In the 88kg bracket, Jansen Gomes played zero games. Takedowns? Money. Back takes? Textbook. Finishes? Ruthless. He showed up like he already had the gold in his carry-on. Everyone else was just warm-up rounds.
And 77kg? Straight-up shark tank. Kenta Iwamoto dropped jaws with clean transitions and a relentless pace. No fluff. Just action. His wrestling set the tone, his jiu-jitsu closed the deal.
Women’s Divisions: Cold-Blooded Killers in a Hot Room
Elisabeth Clay was on fire in the 60kg division, ironically, by being the calmest in the chaos. Smooth entries, surgical submissions, and a pace that melted her bracket like Florida asphalt. She didn’t flinch. She executed.
Leticia Cardozo made noise in 60kg+ by bullying her way through the field. Top pressure like a hydraulic press, and transitions that made her look five moves ahead. No drama. Just destruction.
Match of the Day: Fire vs Ice
Abate vs. Fabricio Andrey. The energy in that room? Electric. Both brought speed, scrambles, and sharp-as-hell tactics. But Abate kept his composure while Andrey tried to turn it into chaos. Lesson? The better scrambler wins exchanges. But the better strategist wins wars.
What Actually Mattered
Leg lock entries are still everywhere, but the winners chained them to real control. If you’re diving for feet without securing the position, congrats. You’re a human highlight… in someone else’s reel.
The body lock is back. People figured out how to stop the knee shield, and they’re turning passers into steamrollers.
Back control reigns. Everyone who dominated ended up on someone’s back. Why? Because control beats chaos, and a seatbelt’s harder to shake than your psycho ex with that egg bread.
Lessons You Better Learn or You’ll Be Learning Them the Hard Way
Positional control > flashy subs. The ones who won rounds didn’t hunt memes. They hunted domination.
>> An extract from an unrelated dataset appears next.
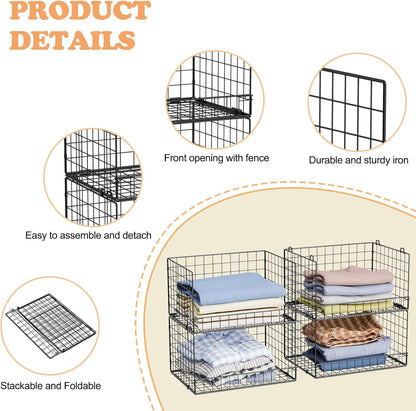 4-Tier Stackable Closet Organizers and Storage Shelves, Clothes Shelf Organizer Basket Bins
Conditioning matters. ADCC rules favor pressure. If your gas tank’s trash, you’re gonna drown under someone who trained like a dog. Check out www.vtxperformance for tips on how to dominate with your conditioning.
Final Word
Miami was a reminder that ADCC doesn’t reward pretty jiu-jitsu; it rewards pressure, control, and violence with purpose. The winners didn’t ask for respect. They took it. If you’re still rolling at the pace of a 6 year old, cool. Just don’t act surprised when you get mauled by someone who’s been drilling under stress and breaking people for breakfast.
Camp Vertex doesn’t send you to opens to have fun. We send you to own the room.